(Short text fragments from websites)
-.-.-

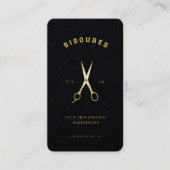 Goldschere Friseurliste Minimalistischer Qr-Code Visitenkarte (Vorderseite)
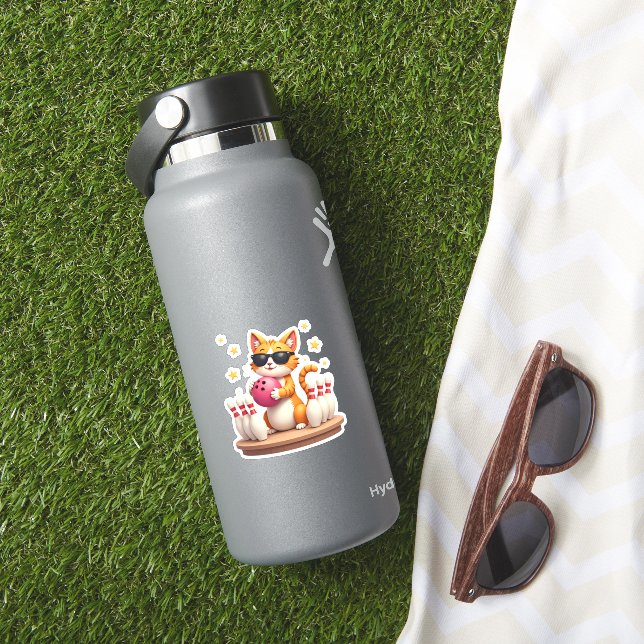 Cute Cat With Sunglasses Cat Playing Bowling For m (HydroFlask Insitu)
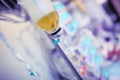 Dripping medical solution in the ICU Royalty Free Stock Photo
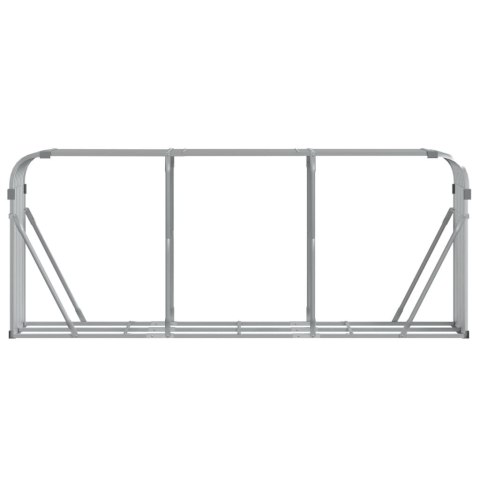 Stojak na drewno, srebrny, 234x45x100 cm, stal galwanizowana Stojak na drewno, srebrny, 234x45x100 cm, stal galwanizowana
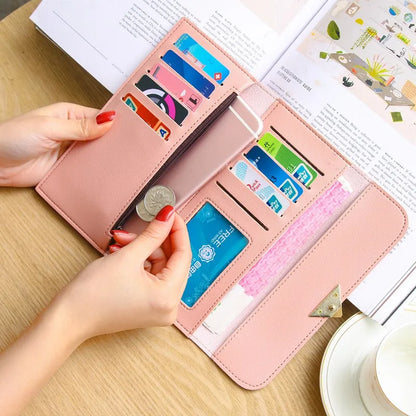 Fashion Heart Slim Wallets for Lady Womens Wallets and Purses Long Mobile Phone Clutch Bags Love Designer Coins Cards Purse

-.-.-

▶ ABOUT THIS TASK: Quote, without alteration, the lines running from the line containing "Cute Cat With" to the last line of the entries, and include no pictures.

▶ TASK RESULT:
 Cute Cat With Sunglasses Cat Playing Bowling For m (HydroFlask Insitu)
 Dripping medical solution in the ICU Royalty Free Stock Photo
 Stojak na drewno, srebrny, 234x45x100 cm, stal galwanizowana Stojak na drewno, srebrny, 234x45x100 cm, stal galwanizowana
 Fashion Heart Slim Wallets for Lady Womens Wallets and Purses Long Mobile Phone Clutch Bags Love Designer Coins Cards Purse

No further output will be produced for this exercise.